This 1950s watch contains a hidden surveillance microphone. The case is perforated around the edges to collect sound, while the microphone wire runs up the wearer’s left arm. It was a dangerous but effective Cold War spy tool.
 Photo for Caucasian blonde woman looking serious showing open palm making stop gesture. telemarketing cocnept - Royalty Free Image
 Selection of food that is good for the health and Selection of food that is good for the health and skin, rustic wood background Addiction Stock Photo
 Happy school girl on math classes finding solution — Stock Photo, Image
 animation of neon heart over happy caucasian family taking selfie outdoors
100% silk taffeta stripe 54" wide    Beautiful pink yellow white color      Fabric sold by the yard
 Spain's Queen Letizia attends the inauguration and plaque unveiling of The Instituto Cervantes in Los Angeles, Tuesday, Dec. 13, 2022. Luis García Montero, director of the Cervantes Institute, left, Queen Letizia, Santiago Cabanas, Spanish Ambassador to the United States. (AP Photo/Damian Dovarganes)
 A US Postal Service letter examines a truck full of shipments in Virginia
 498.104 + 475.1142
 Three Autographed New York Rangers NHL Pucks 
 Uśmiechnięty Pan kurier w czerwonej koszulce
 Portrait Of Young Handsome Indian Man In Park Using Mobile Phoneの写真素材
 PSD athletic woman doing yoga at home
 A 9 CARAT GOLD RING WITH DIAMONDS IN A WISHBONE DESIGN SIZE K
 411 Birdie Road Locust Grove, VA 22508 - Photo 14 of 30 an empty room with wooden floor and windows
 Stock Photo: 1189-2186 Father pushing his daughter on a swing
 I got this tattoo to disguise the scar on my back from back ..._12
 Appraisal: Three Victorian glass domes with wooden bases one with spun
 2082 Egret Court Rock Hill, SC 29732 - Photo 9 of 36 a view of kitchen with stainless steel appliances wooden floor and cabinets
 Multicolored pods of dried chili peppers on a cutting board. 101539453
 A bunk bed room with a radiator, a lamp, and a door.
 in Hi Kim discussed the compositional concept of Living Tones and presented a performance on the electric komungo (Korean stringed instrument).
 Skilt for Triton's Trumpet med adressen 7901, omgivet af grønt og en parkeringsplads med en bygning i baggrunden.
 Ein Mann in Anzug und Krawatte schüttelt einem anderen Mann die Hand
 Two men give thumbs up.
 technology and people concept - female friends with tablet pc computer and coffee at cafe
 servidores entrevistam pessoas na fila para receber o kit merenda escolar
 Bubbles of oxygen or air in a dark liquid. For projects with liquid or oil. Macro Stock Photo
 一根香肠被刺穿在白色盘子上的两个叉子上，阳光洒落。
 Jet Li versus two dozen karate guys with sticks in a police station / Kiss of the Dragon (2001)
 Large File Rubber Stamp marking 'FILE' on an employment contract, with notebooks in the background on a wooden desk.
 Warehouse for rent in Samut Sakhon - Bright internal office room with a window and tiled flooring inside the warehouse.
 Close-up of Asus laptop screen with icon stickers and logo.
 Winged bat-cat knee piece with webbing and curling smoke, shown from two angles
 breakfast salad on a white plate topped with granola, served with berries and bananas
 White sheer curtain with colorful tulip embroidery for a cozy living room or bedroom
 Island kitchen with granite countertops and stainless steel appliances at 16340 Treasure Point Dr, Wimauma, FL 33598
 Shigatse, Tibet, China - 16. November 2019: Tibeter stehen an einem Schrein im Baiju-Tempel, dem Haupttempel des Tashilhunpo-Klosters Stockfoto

▶ **REQUIREMENT**: Only the lines above from the line containing "in Hi Kim discussed" through the line containing "Skilt for Triton's" should be retyped, exactly and with both ends included.

▶ **WORKED SOLUTION**:
 in Hi Kim discussed the compositional concept of Living Tones and presented a performance on the electric komungo (Korean stringed instrument).
 Skilt for Triton's Trumpet med adressen 7901, omgivet af grønt og en parkeringsplads med en bygning i baggrunden.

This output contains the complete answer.